Alle domande di Brunelli lei mostrò il suo braccio: “Avevo 9 anni, ero una bambina, venni marchiata come uno dei cavalli che mio padre vendeva alle fiere”.

Morirono nei lager il padre e decine di parenti. Lei sopravvisse con la mamma e alcune sorelle. Raccontò che “la collina dei morti – una catasta di migliaia di cadaveri – era diventata per lei l’unico riparo dal vento gelido dell’inverno”. Stando lì “rivoltavamo i morti in modo che non giacessero capovolti e con la faccia non guardassero in terra, ma in alto, verso Dio”.

Lei e la mamma a volte dovevano cibarsi di terra, delle foglie e della stoffa dei vestiti dei morti. “Quando arrivarono i soldati britannici” scrive Brunelli “non riuscivano a credere ai loro occhi… uno scenario così neanche all’inferno immaginavano di vederlo. ‘Molti piangevano e noi – racconta Cejka – li dovevamo consolare’”.
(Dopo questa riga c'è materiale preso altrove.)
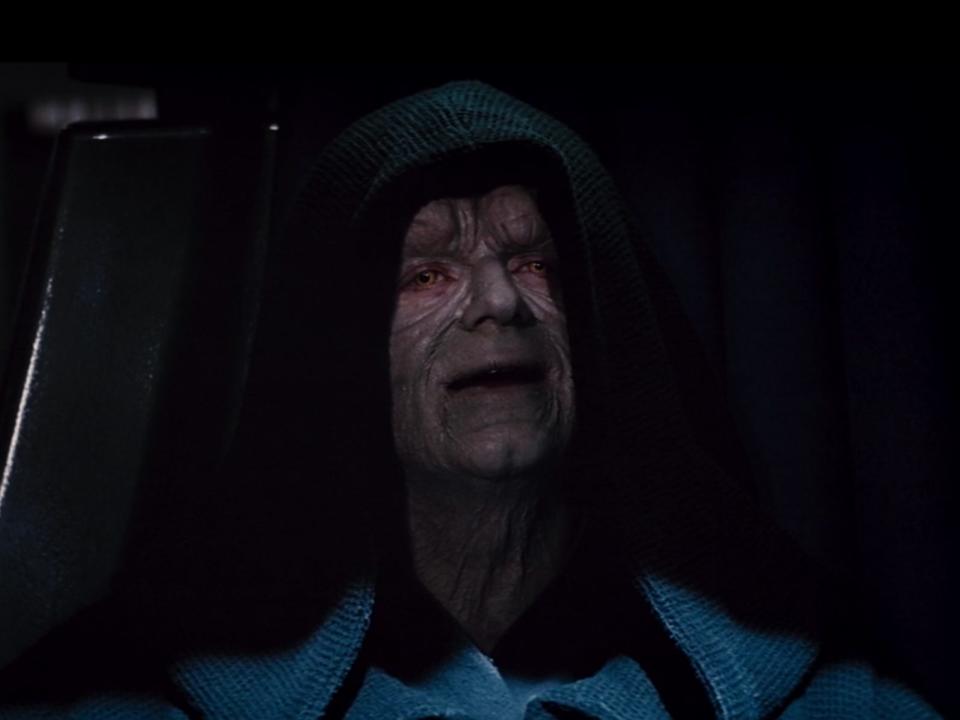 star wars return of the jedi palpatine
Alcuni di loro pensarono di dare la possibilità ai superstiti di vendicarsi sui carnefici. Uno di loro aveva quasi spezzato una mano alla mamma di Cejka, ma quando glielo portarono per colpirlo la bimba disse: “ ‘Non ci riesco. Mi dispiace. Non ci riesco’… Ho visto quel soldato tedesco davanti a me. Era giovane. Aveva forse 28 o 30 anni, ed era assolutamente stupito che non lo colpissi. Posso solo immaginare che in quel momento abbia visto Domineddio”.

Quella bimba poteva fargli sparare dal soldato inglese, ma non lo fece: “può suonare strano ma io ho provato compassione anche per i nazisti. Erano esseri umani pure loro”.

Se n’erano dimenticati. La compassione di Cejka glielo fece capire. C’è da piangere a da riflettere.

 

Antonio Socci

 

Da “Libero”, 18 marzo 2022

(Nell’immagine: il braccio di Cejka Stojka con il “marchio” del lager)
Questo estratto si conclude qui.